Mining Into Juniors for a New High
Source: Gold Investing News, Kishori Krishnan (6/12/09)
"For those juniors that have good assets and have cash, there is a growing audience."
Spot gold was bid at US$950.20 an ounce against $954.00 an ounce late in New York on Thursday. The culprit? "A stronger dollar, oil coming off the highs," said Calyon metals analyst Robin Bhar. "We have yet to reclaim the $960 level so I think as gold remains below that, there is always a risk of a move back towards the $930-$940 level, where there is strong support."
As investors gain confidence in the economy and the stock market, there are several others who are convinced the global economy is heading over a cliff and that gold prices are about to skyrocket. As Ian Nakamoto, director of research at MacDougall, MacDougall and MacTier, a Toronto-based money manager said: "There is still a lot of cash out there and I still think the average fund manager is underweight equities and underweight cyclical equities. So I think the market will continue to do well."
But with physical demand lackluster for precious metals, gold is struggling to break out of its established range. "It is getting increasingly tough (for gold) to hold on to its gains beyond $965-$966 levels," said Pradeep Unni, senior analyst at Richcomm Global Services, in a note.
The junior gold sector is, however, back in the running. Many junior golds are also trading around their highest levels in months.
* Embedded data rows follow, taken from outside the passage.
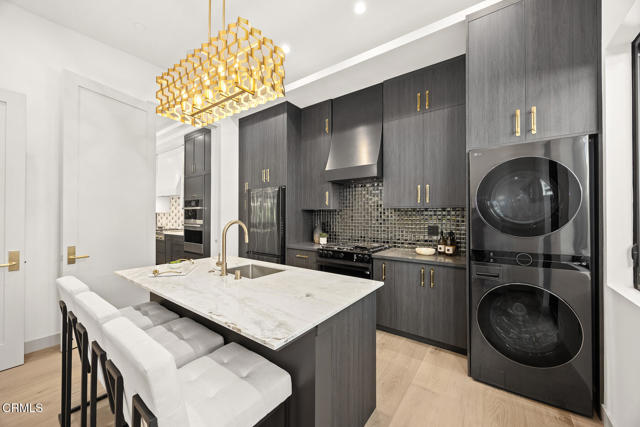 4828 Oakwood Avenue, La Canada Flintridge CA: https://media.crmls.org/mediaz/d9ac52b4-dde9-4041-966f-16530fdcf015.jpg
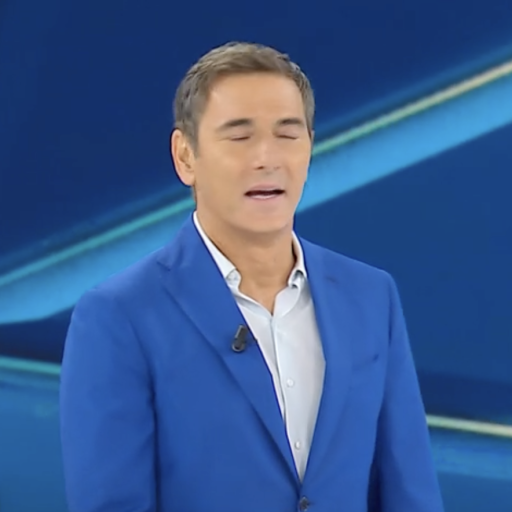 Liorni in perenne disagio, specie di fronte alle domande a tinte hot del quiz. La squadra vip ne approfitta per infierire. Perché Rai continua ad affidargli show di prima serata che lo mettono in imbarazzo?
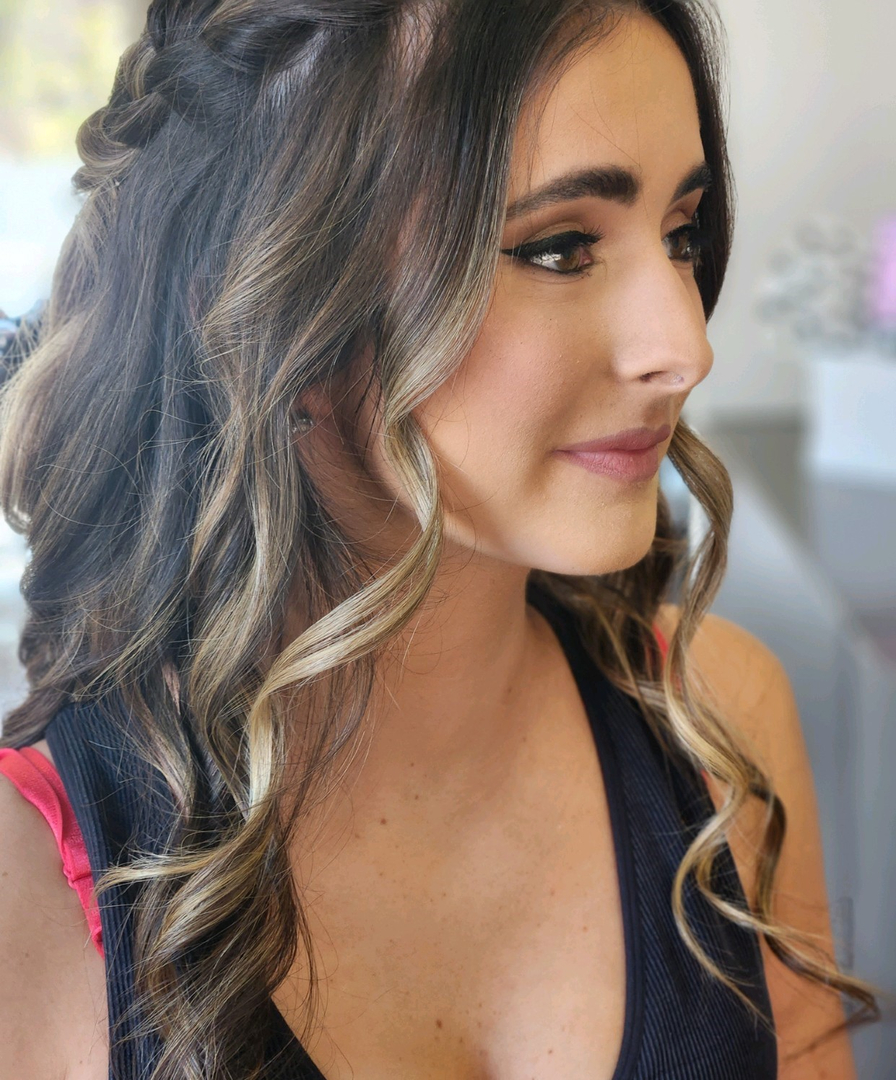 Elle Salon & MedSpa Image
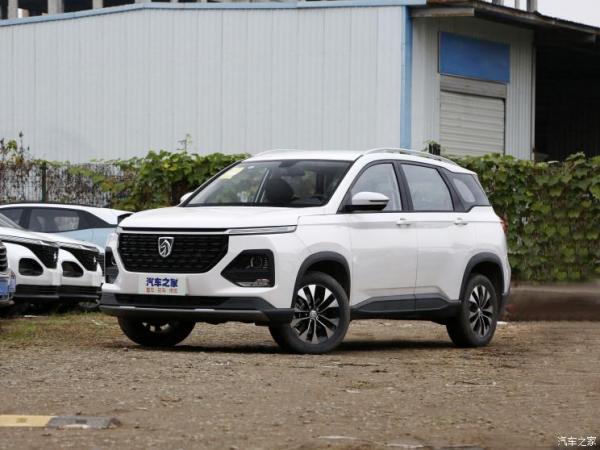 上汽通用五菱 宝骏530 2021款 全球车周年纪念版 1.5T 手动豪华型 6座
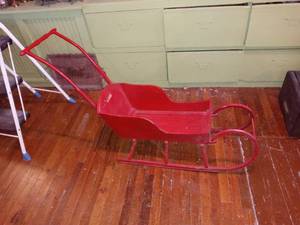 lot 33812 image: Vintage Wooden Push Sleigh With Throw Pillows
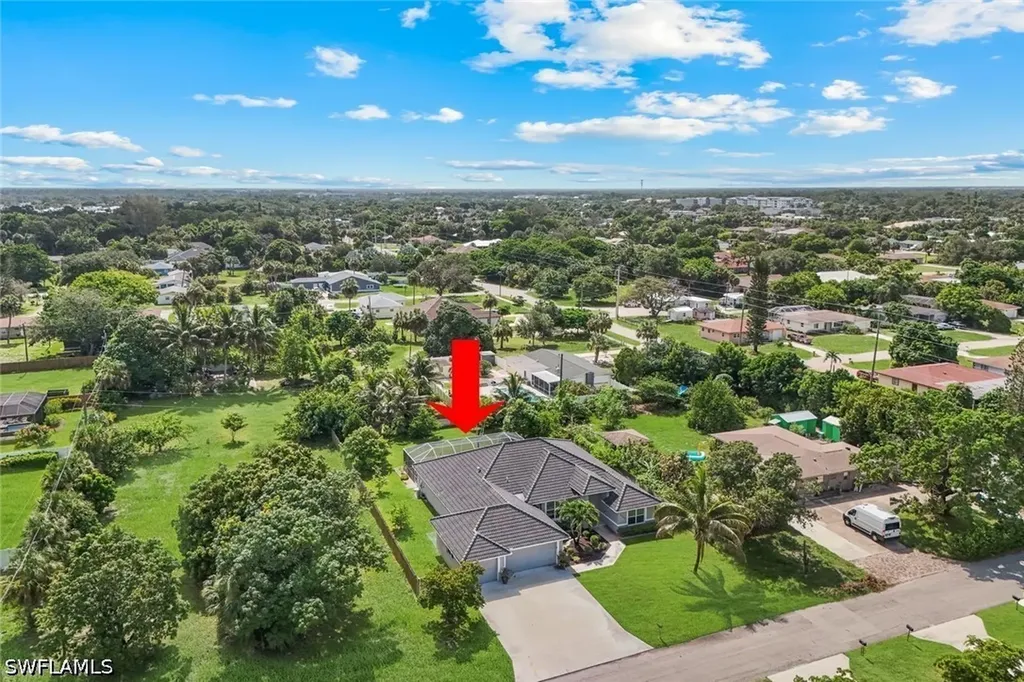 27741 S Roslin Place Bonita Springs FL 34135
Analysts maintain that people are starting to see beyond the credit crisis, which will pump up the pressure on gold. David Adamson, Rubicon's chief executive said: "For those juniors that have good assets and have cash, there is a growing audience." However, appreciation will not come if gold stays in a narrow band, based on fundamental valuation and current production profiles. Appreciation will come when these companies leverage their fairly generous cash flows, which are accumulating in cash accounts, he said.